1 Introduction

The World Wide Web users, unsurprisingly experience information overload. Recommender system (RS) is a tool to filter data according to interest of the active user. Till date, Collaborative filtering (CF) is the most successful approach employed in a recommendation system. In CF, opinions are gathered from likeminded users (neighbor users) of active user and used in the decision making process. The Memory based and Model based algorithms are the two categories of CF algorithms. Model-based algorithms are based on predictive model. The general idea is to extract some data from the user-item ratings database and use that as a “model” to make recommendations without using entire database each time. The user-item ratings are modeled with a small set of latent factors that represents characteristics of the items and users (i.e. category of items and preference of users etc.) in the system. This model is then trained and later used to make recommendations. The Memory based approach works on the phenomenon that user who has similar preferences in the past will share similar preferences in the future. Hence, the memory based approach utilizes the entire rating matrix to find the most similar user among the set of users for active user. This set of most similar user is called neighborhood and therefore it is named as neighborhood-based method (Töscher et al. 2008). Memory based algorithms can be classified into two broad categories: User-based CF and Item-based CF algorithms.
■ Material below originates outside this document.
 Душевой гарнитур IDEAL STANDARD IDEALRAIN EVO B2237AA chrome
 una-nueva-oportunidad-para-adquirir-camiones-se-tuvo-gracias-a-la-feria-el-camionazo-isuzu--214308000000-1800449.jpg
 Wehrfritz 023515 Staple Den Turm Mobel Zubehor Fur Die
Although, CF is a very popular and successful approach, sparsity is a major problem that limits its usefulness. In a RS, the quantity of users and items are unsurprisingly ever increasing. However, due to this many users that are very active may have rated or purchased very limited items from the total items available. Even very popular items might have been purchased or rated by a few users. Consequently there exists high sparsity in user-item ratings matrix. According to Sarwar et al. (2001) the density of matrix is lower than 1 %. The core of CF algorithms is to find similar users or items, but due to extremely sparse user ratings matrix available it is hard to find similar users or items rendering poor performance of CF. In case the system manages to evaluate similarity, it may be possible that this similarity may be not trustworthy. The reason being the amount of information processed was insufficient.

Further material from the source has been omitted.